Perhaps I am prejudiced by poker (and games in general), but I see life as a constant series of decisions. The quality of those decisions, combined with luck, gives an outcome. Life is a game of chance and skill, in other words.
MAS rationality makes for better quality decisions, and thus makes for better outcomes. When there are institutional substitutes, I agree they can also make for better outcomes, but there are no institutional substitutes for the vast majority of the constant stream of decisions we encounter in life. I predict if you went through your day, noticed every decision you make (hundreds?), and scored them based on whether it is plausible that the decision could entirely be made via an institutional substitute, removing your own need to be rational completely, you would find almost none qualify. Those that do would be among the most important (medical decisions, how to invest your money), but some important decisions would remain (acting in an emergency situation).
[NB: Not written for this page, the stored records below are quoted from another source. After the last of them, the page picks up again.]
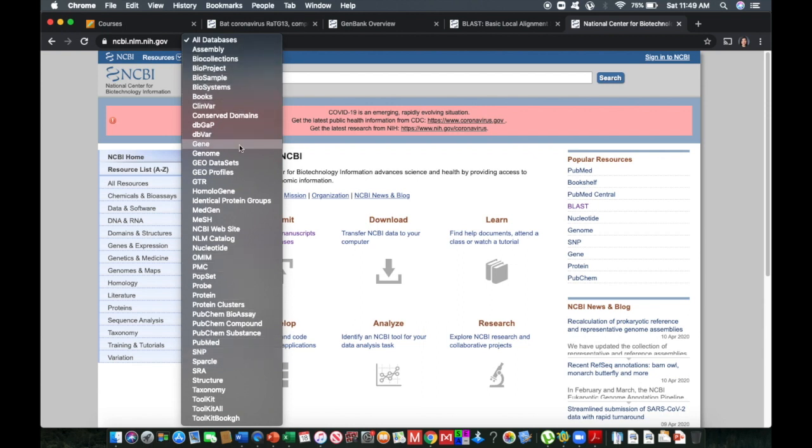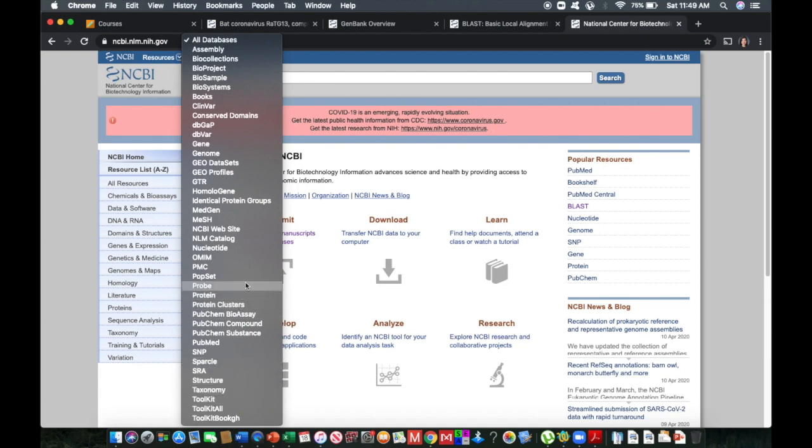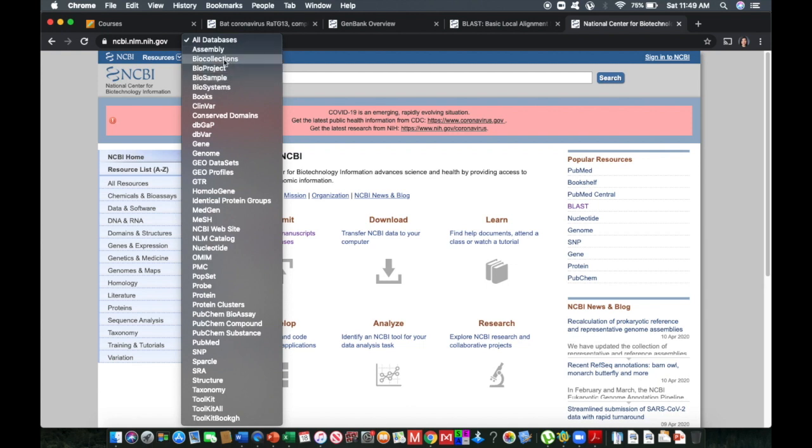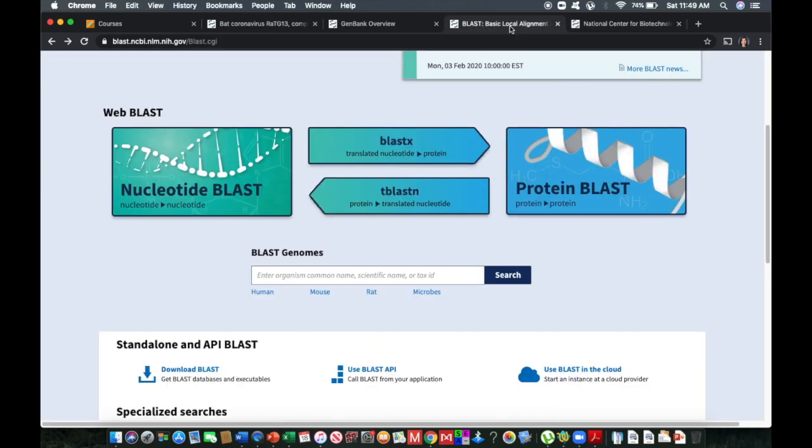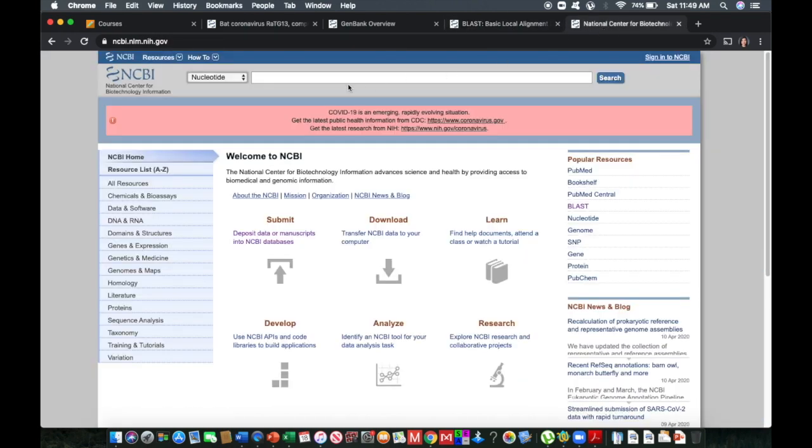So gene, genome, even publications are available here. Assembly, bio collection, bio samples, nucleotide. So we're going to focus on nucleotide searches as well as the BLAST feature.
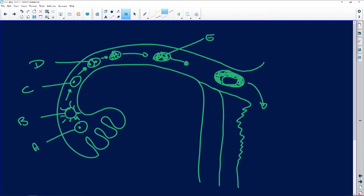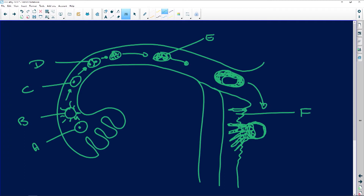And then we have this structure here with a layer of cells, which grows in like that. That's E. This here is F, then G, and this is H.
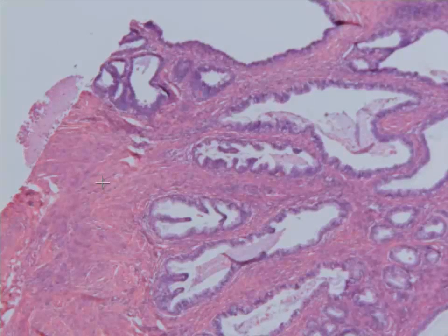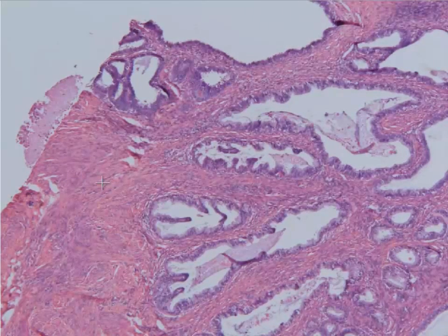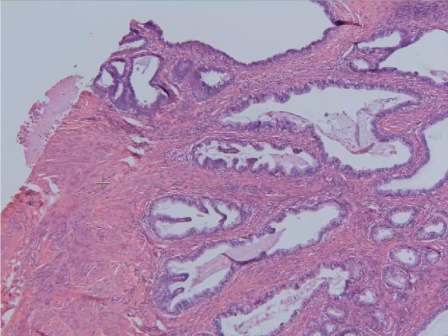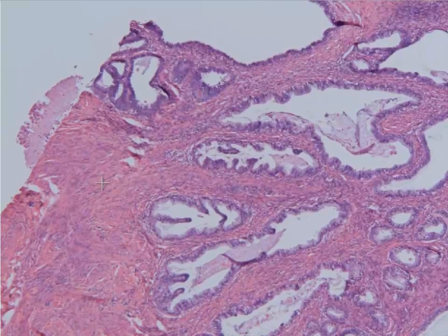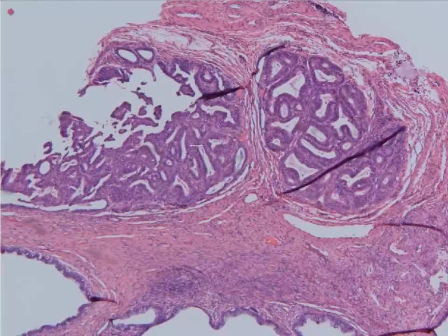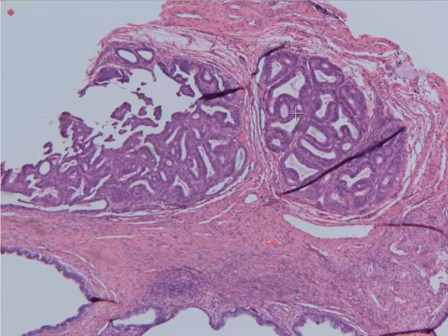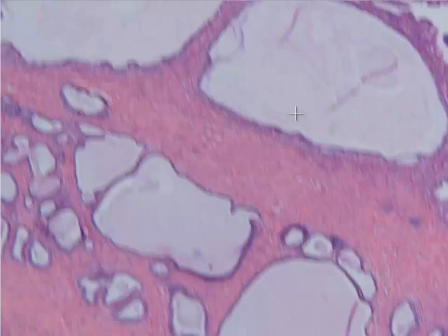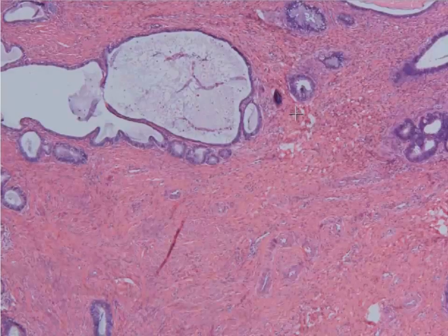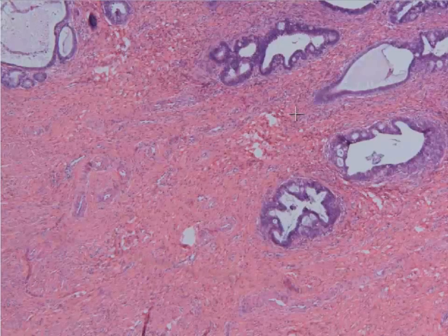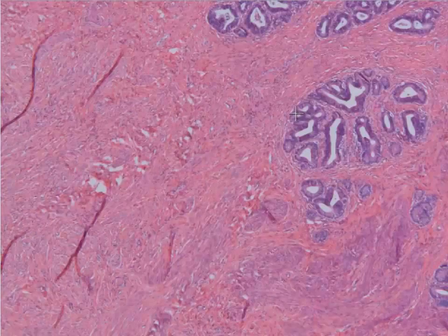This is a section of cervix from a cold knife conization specimen, where they go in with a scalpel and cut out a large piece of cervix in order to get around a tumor such as this. As we look around, there is definitely a lot of glandular proliferation composed of malignant appearing glands, and you can see that they go deep into the stroma and form small nests. This would be an invasive endocervical adenocarcinoma of the cervix.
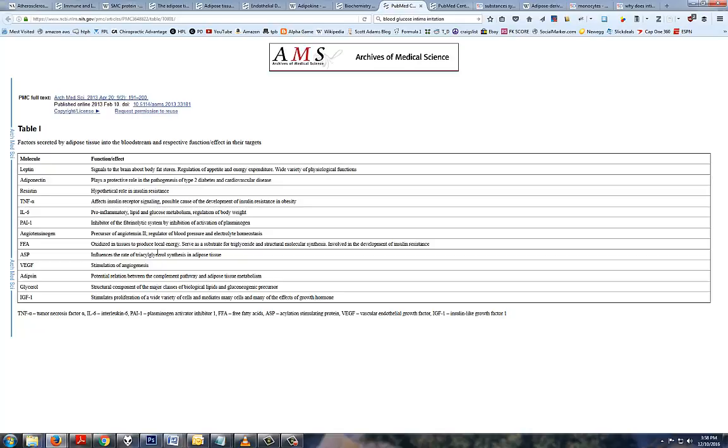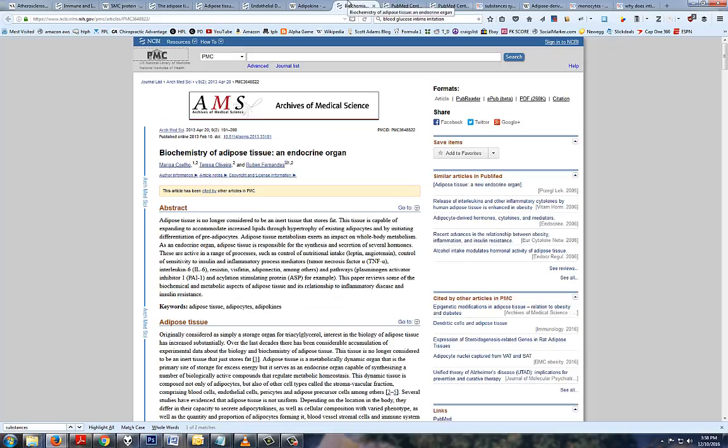That type of immune response is essentially the same thing as what you'd see when your body's fighting a bacterial infection. Except in the case of obesity, the inflammation never goes away, because you continue being obese, unless you do something to lose a lot of weight. So fat is an endocrine organ. It creates systemic inflammation in two ways: through the secretion of inflammatory adipokines, and through the inflammation from an immune response due to macrophage proliferation.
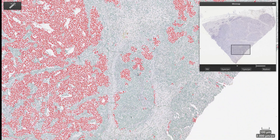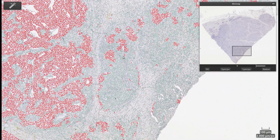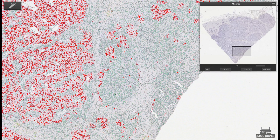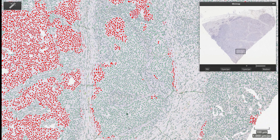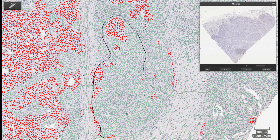The pathologists need to verify the proper detection and classification of the cells. When there are cells that have not been classified properly, those regions are just added to the training. To save pathologists time, the initial training of the system can be performed by a trained analyst.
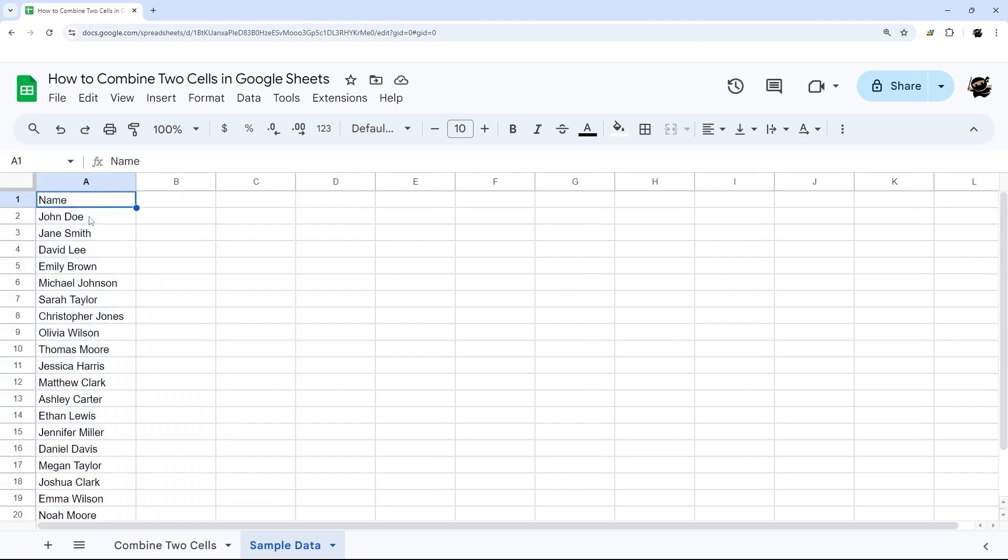And so you can do that, whether it's names or products or SKUs, whatever it is, if you want to combine those cells.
One would also notice that almost never did one consciously use rationality techniques. Consider that we are already highly evolved to survive, and we are all descendants of survivalist winners. We have some baseline rationality hard-wired in us. It is this wiring that guides most of our actions, and it is there even if we don’t have a single year of schooling.
If you have to make all those decisions yourself, sooner or later you are going to make a mistake(law of the conjunction, what is the probability to get it right every time?). The idea is to take off the burden of as much decisions as possible(at least the important ones) from the individual.
In the case of cars for example, it’s much safer to just take a bus and sit down and relax.
Luckily, we have built-in mechanisms for this. By behaving rationally, we can develop good habits that will help us automatically make the right decision in the future. Aristotle called these sorts of habits ‘virtues’.
Are buses safer than cars? For one thing, they don’t have seat belts.
This is a whole new discussion but I’ll still give some pointers.
If you consider a city as a whole it would probably be much safer to take all cars off the street and put buses in their place. Less vehicles + trained drivers + less drunk driving ⇒ less accidents.
But even considering the normal city with lots of cars, I consider buses safer because:
they usually drive slower
they are big and heavy, so even in the case that a bus collides with a car it will probably be safer in the bus. Ok, if you have a collision against another bus it is another question.
btw, there are buses with seat-belts.